WHAT IS REQUIRED — Every line below needs to be reproduced exactly.

+++ INFORMATION SHOWN














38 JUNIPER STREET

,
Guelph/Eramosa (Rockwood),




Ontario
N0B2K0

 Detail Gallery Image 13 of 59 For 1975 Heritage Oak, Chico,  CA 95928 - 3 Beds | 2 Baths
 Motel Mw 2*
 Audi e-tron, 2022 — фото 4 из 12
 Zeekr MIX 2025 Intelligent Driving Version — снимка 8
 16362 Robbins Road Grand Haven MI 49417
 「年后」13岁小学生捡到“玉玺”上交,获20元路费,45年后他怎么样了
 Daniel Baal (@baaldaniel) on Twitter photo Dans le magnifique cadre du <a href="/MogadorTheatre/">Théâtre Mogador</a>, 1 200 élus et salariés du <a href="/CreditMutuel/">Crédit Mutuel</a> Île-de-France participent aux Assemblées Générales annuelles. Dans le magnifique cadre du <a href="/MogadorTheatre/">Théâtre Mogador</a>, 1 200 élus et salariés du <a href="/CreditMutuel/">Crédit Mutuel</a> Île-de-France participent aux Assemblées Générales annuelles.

++++++

TASK RESULT —
38 JUNIPER STREET

,
Guelph/Eramosa (Rockwood),




Ontario
N0B2K0

 Detail Gallery Image 13 of 59 For 1975 Heritage Oak, Chico,  CA 95928 - 3 Beds | 2 Baths
 Motel Mw 2*
 Audi e-tron, 2022 — фото 4 из 12
 Zeekr MIX 2025 Intelligent Driving Version — снимка 8
 16362 Robbins Road Grand Haven MI 49417
 「年后」13岁小学生捡到“玉玺”上交,获20元路费,45年后他怎么样了
 Daniel Baal (@baaldaniel) on Twitter photo Dans le magnifique cadre du <a href="/MogadorTheatre/">Théâtre Mogador</a>, 1 200 élus et salariés du <a href="/CreditMutuel/">Crédit Mutuel</a> Île-de-France participent aux Assemblées Générales annuelles. Dans le magnifique cadre du <a href="/MogadorTheatre/">Théâtre Mogador</a>, 1 200 élus et salariés du <a href="/CreditMutuel/">Crédit Mutuel</a> Île-de-France participent aux Assemblées Générales annuelles.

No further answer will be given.